O momento histórico em que os indonésios admitiram um referendo em Timor-Leste

[dropcap]O[/dropcap] terceiro presidente indonésio, Bacharuddin Jusuf Habibie, reservou para si um lugar na história de Timor-Leste quando, há exactamente 20 anos, admitiu pela primeira vez a possibilidade de um referendo aos timorenses.

Declarações depois de uma histórica reunião do Conselho de Ministros indonésio de 27 de Janeiro de 1999 que marcariam o arranque de um ano em que os timorenses puderam, pela primeira vez, escolher o seu destino.

José Ramos-Horta, principal rosto da frente diplomática da resistência timorense, recordou à Lusa que nessa altura estava nos escritórios da CNN em Atlanta, onde tinha previsto várias entrevistas sobre a questão de Timor.

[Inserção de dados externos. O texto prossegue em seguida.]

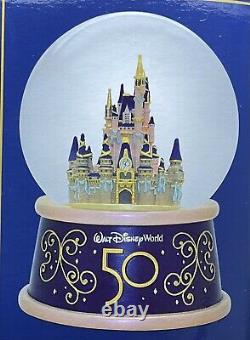 2021 Disney World 50th Anniversary Magic Kingdom Cinderella Castle Snow Globe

“Estava a ser entrevistado quando alguém veio a correr dizer que o Habibie estava a dizer que queria ver resolvida a questão de Timor: aquilo só tem pedras, dizia ele”, recordou.

Horta recorda que aquele momento ocorreu num contexto muito particular, com a crise financeira dos tigres asiáticos – grupo constituído por Coreia do Sul, Singapura, Taiwan e Hong Kong -, que também fazia mossa na Indonésia.

A pressão crescente em torno à situação de Timor-Leste deixava Jacarta, que precisava de apoio financeiro internacional, numa situação complicada, que só se agravou com uma carta do então primeiro-ministro australiano John Howard, que empurrou o terceiro presidente indonésio para uma mudança histórica. E que ocorre depois de anos de pressão, incluindo com a atribuição do Nobel a Ramos-Horta e Ximenes Belo.

“Para um país super-orgulhoso como a Indonésia, superativo na comunidade internacional o Nobel foi tremendo”, recordou horta.

Em Novembro de 2015, numa entrevista alargada à Lusa, o antigo governador de Timor-Leste nomeado pela ocupante indonésia, Mário Carrascalão, também recordou esse momento, que ampliava a postura anterior de Habibie, já a favor de uma autonomia alargada.

Mário Carrascalão, na altura o governador de Timor-Leste nomeado por Jacarta e membro do Conselho Consultivo Nacional da Indonésia, tinha estado reunido com Habibie um dia antes, e a postura da autonomia mantinha-se.

Timor-Leste teve “sorte” com a conjuntura do momento mas Habibie, disse, actuou sempre em defesa dos interesses indonésios. “Não nos deu isto pelos nossos lindos olhos”, recordou.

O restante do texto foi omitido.